Brief: Offline RL algorithms (BCQ, CQL, IQL)
What you will learn
Section titled “What you will learn”You will name the three offline-RL algorithm families that fix the L14 failure (BCQ, CQL, IQL), describe the mechanism each uses (action-set constraint via a VAE; conservative Q penalty; expectile regression sidestepping the max), and walk through a decision rubric for picking the right algorithm given a dataset’s structure (single-modal behavior policy versus heterogeneous mixture, discrete versus continuous actions, regulated versus exploratory deployment context). You will trace how each algorithm prevents the L14 divergence on the same two-state MDP, recognize when behavioral cloning is the right baseline to benchmark against, and leave with a working understanding of when to reach for which algorithm in a production offline-RL pipeline.
Where this fits
Section titled “Where this fits”This is lesson 15 of Track 18 (Deep Reinforcement Learning), lesson 3 of Phase 3 (rl-frontiers). It completes the offline-RL pair (L14 problem definition; L15 algorithms).
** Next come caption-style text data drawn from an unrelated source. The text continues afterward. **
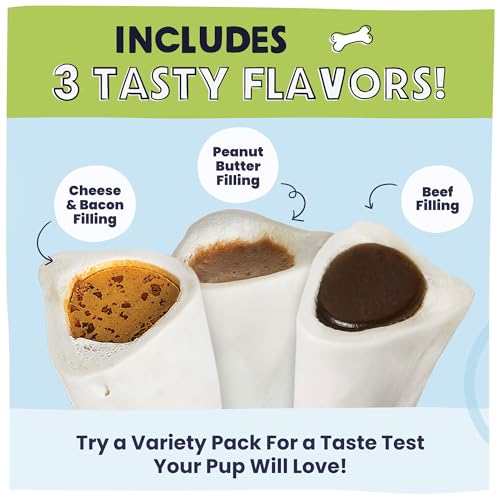 Pawstruck Large 5-6” Filled Dog Bones Variety Pack - Peanut Butter, Cheese & Bacon, Beef Flavors - Made in USA, Long Lasting Stuffed Femur Treat for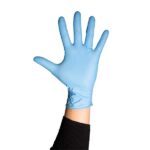A hand wearing a blue latex glove is raised against a white background, evoking the meticulous precision of process research labs. The wrist and forearm are covered with a black sleeve, making the glove stand out prominently.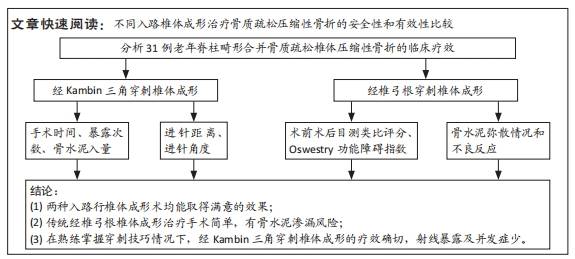 经Kambin三角穿刺椎体成形治疗骨质疏松压缩性骨折：安全性和有效性评价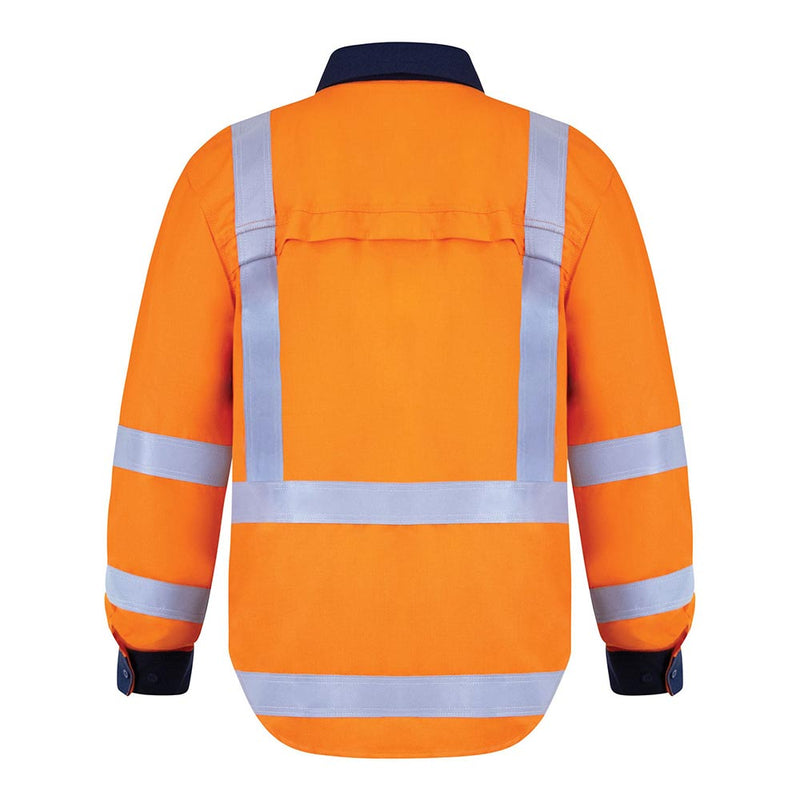 Load image into Gallery viewer, Arcguard 8.8Cal TTMC-W17 Inheralite Work Shirt, viewed from the back, features reflective tape and protective design, ideal for workplace safety. Its button-down style and chest pocket offer functionality.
It builds on L7 DQN (the off-policy Q-learning machinery), L14 (the failure mode the L15 algorithms address), L2 imitation learning (BC as universal baseline), and L13 RLHF (KL regularization as a structural parallel to BCQ’s action constraint).
Source
Section titled “Source”Berkeley CS285 (Sergey Levine, Fall 2023), lecture on Offline RL: Algorithms. Canonical URL http://rail.eecs.berkeley.edu/deeprlcourse/. Primary algorithm papers: Fujimoto, Meger, and Precup (2019) BCQ; Kumar, Zhou, Tucker, and Levine (2020) CQL; Kostrikov, Nair, and Levine (2021) IQL. Survey: Levine, Kumar, Tucker, and Fu (2020).
Phase advance
Section titled “Phase advance”Phase 3 lesson 3 (phase_order: 3). After L15 follows L16 (Exploration), L17 (Multi-task and meta-RL), L18 (Open problems, closes Phase 3 + Track 18).
Lesson body (lesson.mdx)
Section titled “Lesson body (lesson.mdx)”- Hook: L14 named the failure; three families fix it by different mechanisms.
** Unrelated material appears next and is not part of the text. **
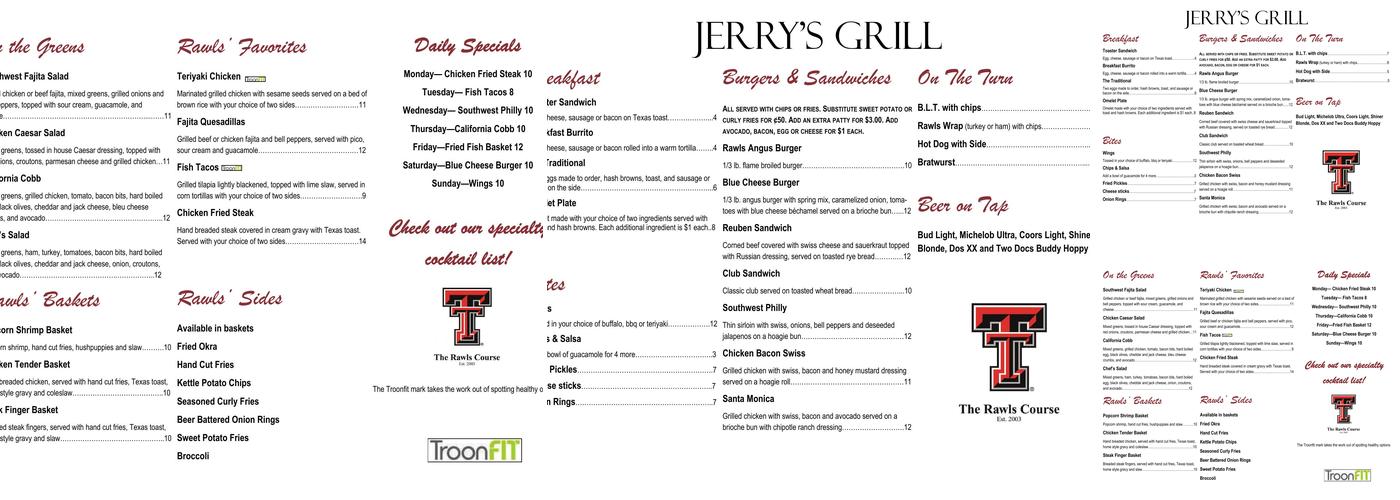 The Rawls Course Menu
- Shared design principle: prevent the Bellman update from querying Q at OOD actions.
- BCQ: VAE plus perturbation plus Q; action constraint; deployment loop (sample, perturb, max). When BCQ works (single-modal behavior policy); when it degrades (heterogeneous datasets).
- CQL: conservative penalty; loss decomposition; the trained Q as provable lower bound; alpha as the tuning lever. When CQL is the right choice (heterogeneous datasets, regulated settings wanting an explicit bound).
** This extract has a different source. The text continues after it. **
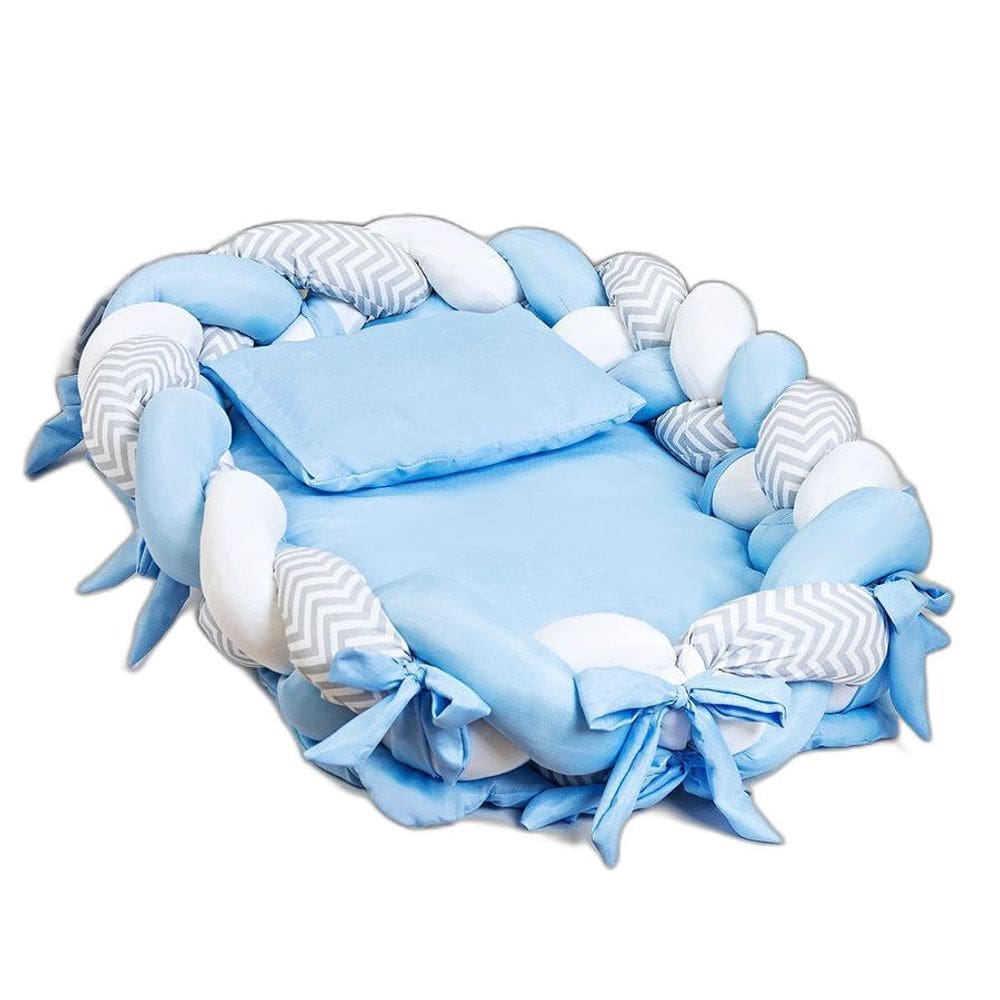 Ninho Redutor De Berço Trançado 4 Peças Menino Azul Claro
- IQL: expectile regression on dataset actions only; V(s) as max-over-in-distribution-actions surrogate; Bellman target without max; advantage-weighted imitation policy; cleanest tuning surface.
- Worked decision example on the L14 two-state MDP: all three recover the optimal policy; the differences emerge on heterogeneous benchmarks.
- Algorithmic decision rubric table.
- Why this matters operationally: healthcare, recommender, robotics, language-model RLHF parallel.
- Common pitfalls (5): treating them as interchangeable; ignoring BCQ’s single-modal assumption; under-tuning alpha in CQL; over-trusting IQL defaults; skipping BC sanity check.
- “What you should remember” (5 bullets).
- L16 setup: exploration as the offline-RL opposite.
Practice (practice.mdx)
Section titled “Practice (practice.mdx)”Two exercises plus five flashcards.
- Pick the algorithm (4 datasets): single-modal AV operator, heterogeneous medical claims, continuous robotic-arm, deadline-pressured D4RL first attempt. Pick BCQ, CQL, or IQL with 2-sentence justification.
- Walk-through on the two-state MDP: for each of the three algorithms, describe in 3-5 sentences how it prevents the L14 divergence at state s2.
Five flashcards: shared design principle; BCQ training + deployment; CQL loss + bound; IQL three-loss training; when to pick BCQ.
Cheatsheet (cheatsheet.mdx)
Section titled “Cheatsheet (cheatsheet.mdx)”Tables. Three algorithms side by side (paper, mechanism, networks). What each prevents (max-OOD, extrapolation, Bellman amplification). Decision rubric. CQL loss decomposition. IQL three-loss training. BCQ deployment loop. Common pitfalls. Remember-bullets.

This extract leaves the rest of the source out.